WHAT TO WORK ON: In your copy, set down the entries exactly and exclude the pictures.

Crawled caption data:
▬▬▬▬▬▬▬▬▬▬

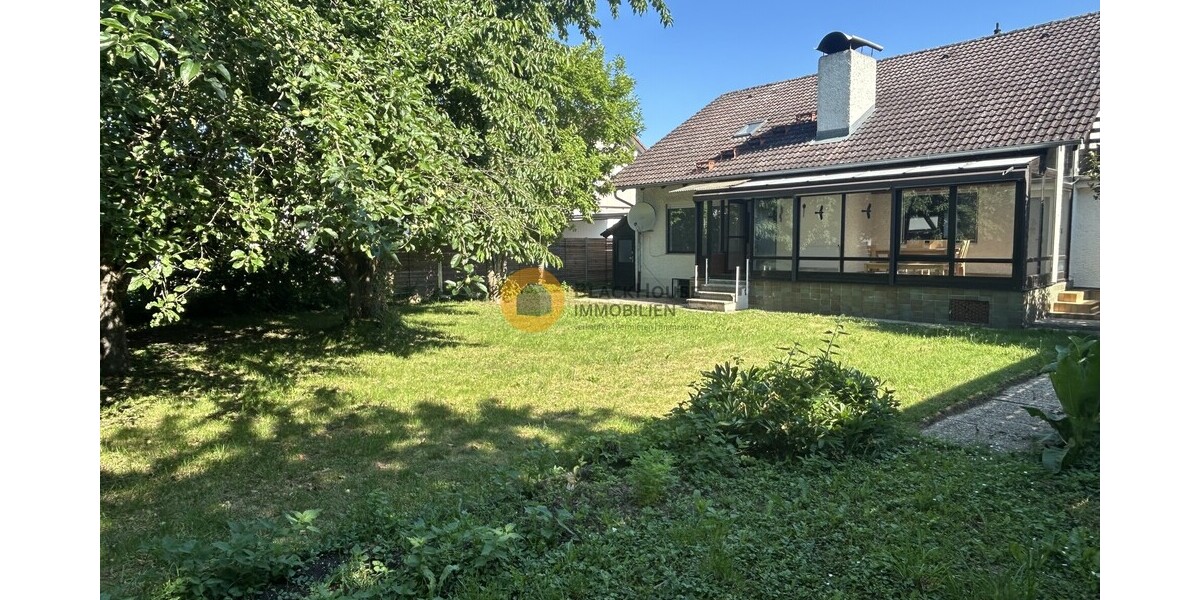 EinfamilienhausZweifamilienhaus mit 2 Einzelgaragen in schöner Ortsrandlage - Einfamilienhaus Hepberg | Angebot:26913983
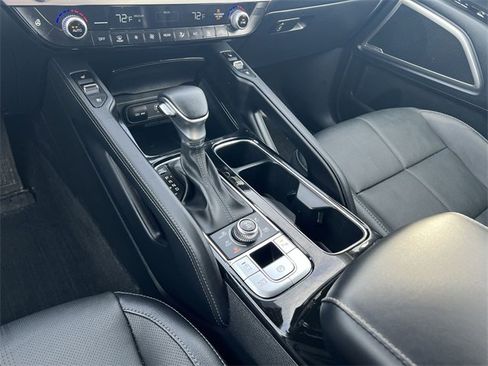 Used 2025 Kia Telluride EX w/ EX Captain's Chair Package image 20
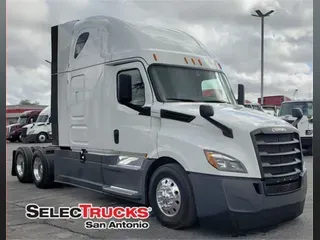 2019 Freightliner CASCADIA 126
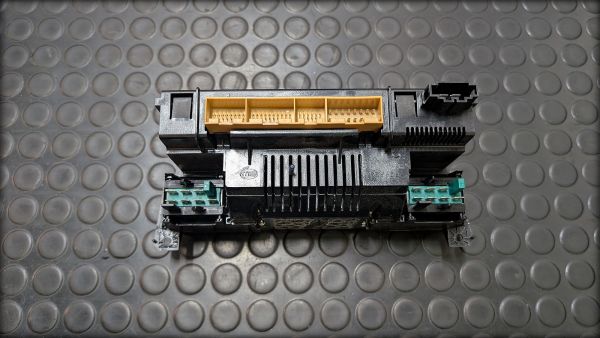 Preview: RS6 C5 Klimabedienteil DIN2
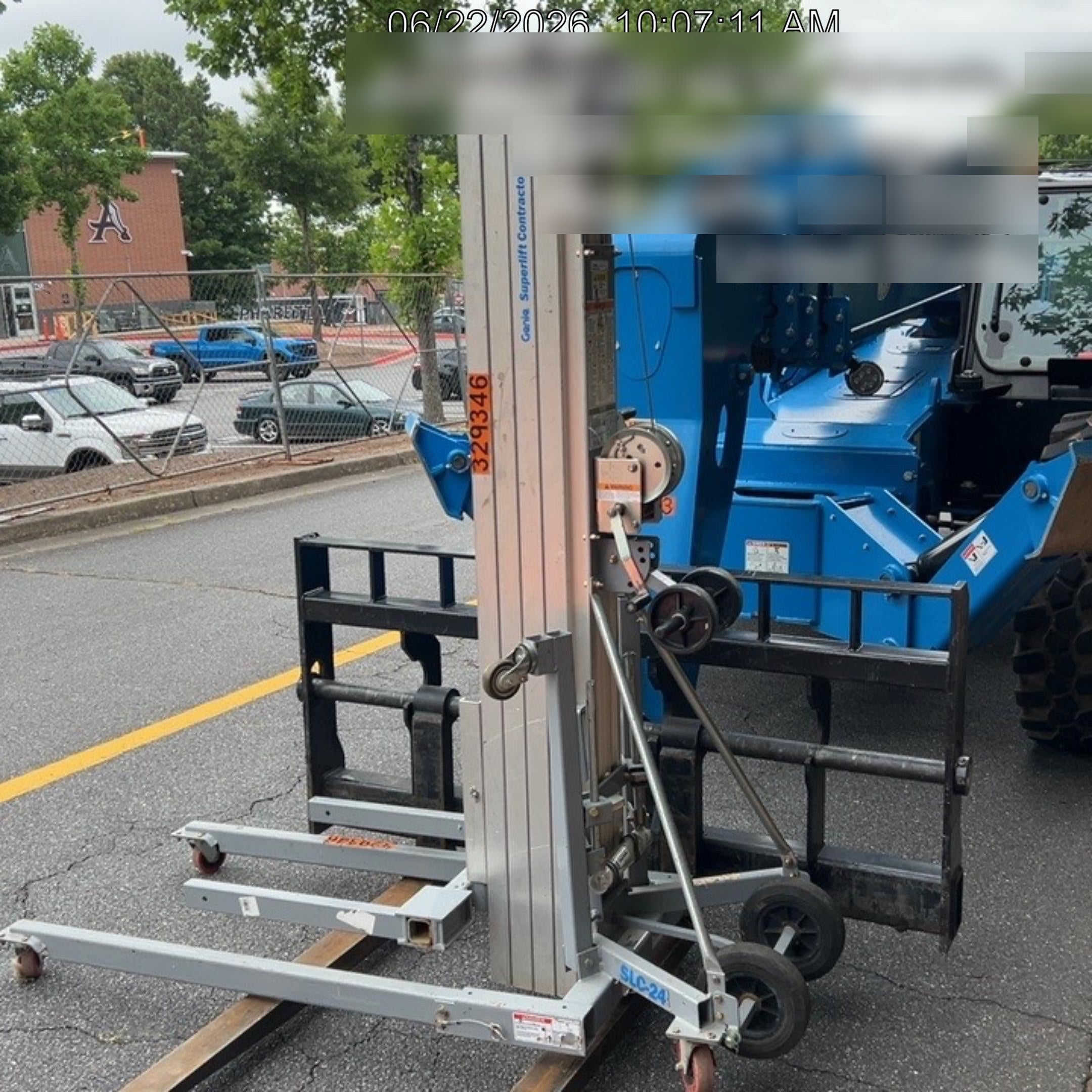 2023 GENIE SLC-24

▬▬▬▬▬▬▬▬▬▬

RESPONSE TO THE EXERCISE:
 EinfamilienhausZweifamilienhaus mit 2 Einzelgaragen in schöner Ortsrandlage - Einfamilienhaus Hepberg | Angebot:26913983
 Used 2025 Kia Telluride EX w/ EX Captain's Chair Package image 20
 2019 Freightliner CASCADIA 126
 Preview: RS6 C5 Klimabedienteil DIN2
 2023 GENIE SLC-24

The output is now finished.